Week 8 of 12 · Part B — Alignment Literacy

Reading a Concept with a Probe

If a concept is a direction in activation space, you can read it — and steer it

Day 38 ~70 minutes Build

Day 38 of 60

From theory to a thing you can run

Two days of theory said the unit of meaning is a direction in activation space, hidden by superposition. Today you make that concrete with the smallest honest version of the idea: a linear probe. Given activation vectors labeled by whether they encode some concept — say "refusal" — you find the direction that best separates the labels, then measure how cleanly the concept reads off that direction. If it's separable, the concept is linearly readable, and the very same direction is what you'd push along to steer the model. Read and steer are two ends of one idea.

The thesis

A linear probe is the seed of all of feature analysis and activation steering. If a concept corresponds to a direction, then (1) you can read it — project an activation onto the direction and see how much of the concept is present — and (2) you can steer it — add the direction back into the activations to amplify the concept or subtract it to suppress it. The toy below is the 20-line version of the whole promise.

How the probe works

Core Theory

1 · A concept direction is just a difference of means

Take the activations labeled "concept present" and the ones labeled "absent." Subtract the average of the negatives from the average of the positives. That difference vector points from "no concept" toward "concept" — a crude but real concept direction.

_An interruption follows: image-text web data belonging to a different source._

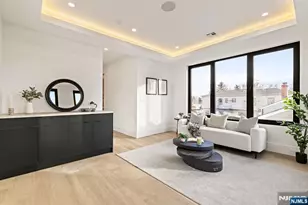 210 Hillcrest Dr, Paramus, NJ 07652 - Photo 14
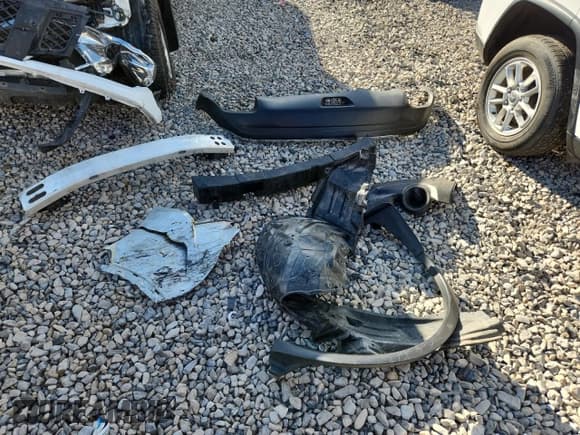 ✅ 2017 Nissan Murano SL • VIN: 5N1AZ2MH5HN181886 • Lot: 85898575. Wystawiony na Copart z przebiegiem 95 481 mil. Bezpłatny archiwum sprzedaży aukcyjnych z USA i szczegółowy raport historii pojazdu na DreamBid. Zdjęcie 13.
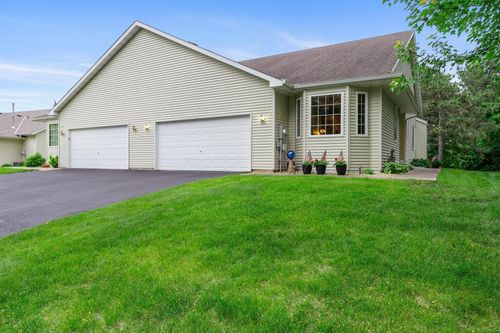 13393 Pine View Pl, Lindstrom, MN, 55045-7040 | Card Image
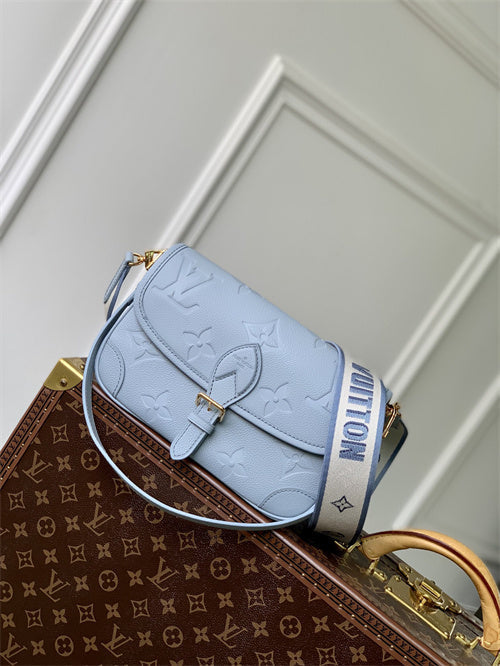  signature top-handle bag detail view showing craftsmanship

2 · Reading = projecting onto the direction

To check whether a new activation encodes the concept, take its dot product with the direction. High projection → the concept is present. Pick a threshold and you have a classifier built entirely from the model's internals.

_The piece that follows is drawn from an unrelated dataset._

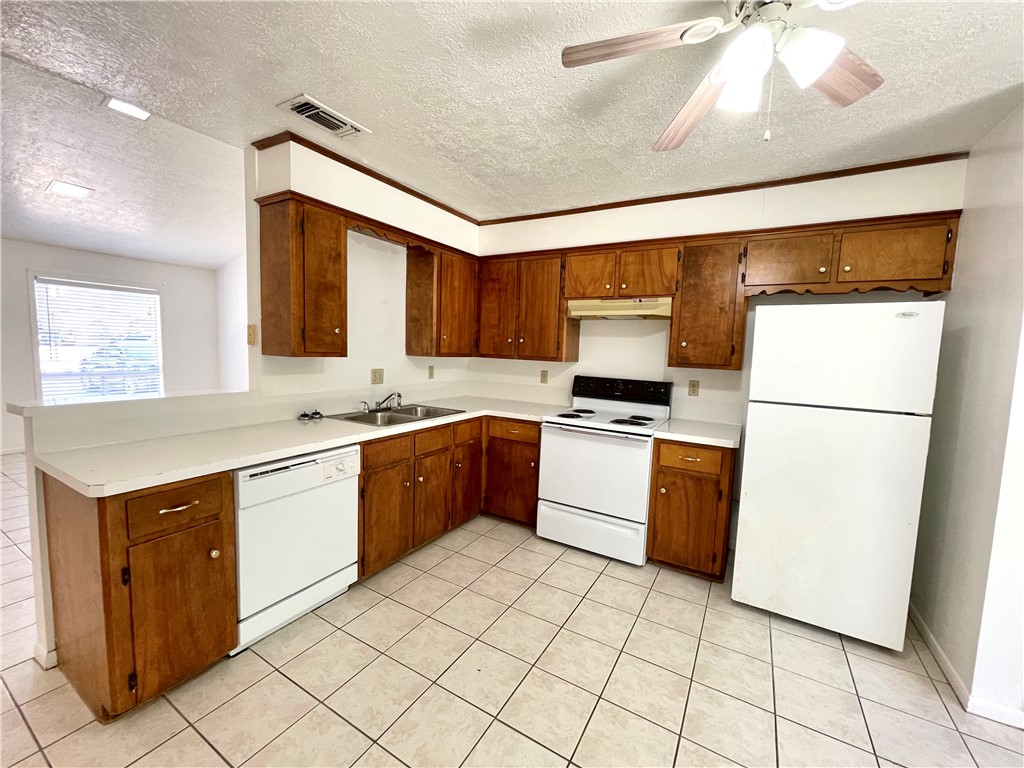 1424 Hawk Tree Drive Property Photo 8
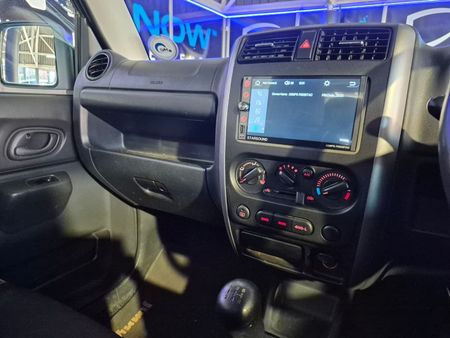 2011-Suzuki-Jimny-13_9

3 · Separability is the score that matters

If the projections cleanly split the two classes, the concept is linearly separable — it lives along a readable direction. Low separability means the concept either isn't there or is tangled up in superposition with everything else, which is exactly the limitation that motivates sparse autoencoders.

Build it

In the Try This box is feature_probe.py — a runnable, dependency-free probe. It takes toy "activations" labeled by whether they encode a concept, computes the concept direction as a difference of class means, projects every example onto it, and reports the concept's linear separability. Run it, then change the data and predict the separability before you re-run — that prediction is where the intuition gets built.

Make it yours

First make the two classes obviously distinct and confirm separability hits 100%. Then deliberately blur them — make a "positive" example that looks like a negative — and watch the score drop. That drop is superposition in miniature: when features overlap, the clean direction stops existing. Write one sentence on what you'd do next if this were a real model (hint: it's why SAEs exist).

Your work today

Probe a Concept, Then Break It

~70 minutes

Run feature_probe.py from the Try This box and read its output — confirm it reports the concept direction and the linear separability.
Edit the toy data: add ambiguous examples and predict the separability first, then re-run and check whether you were right. Repeat until your predictions are reliable.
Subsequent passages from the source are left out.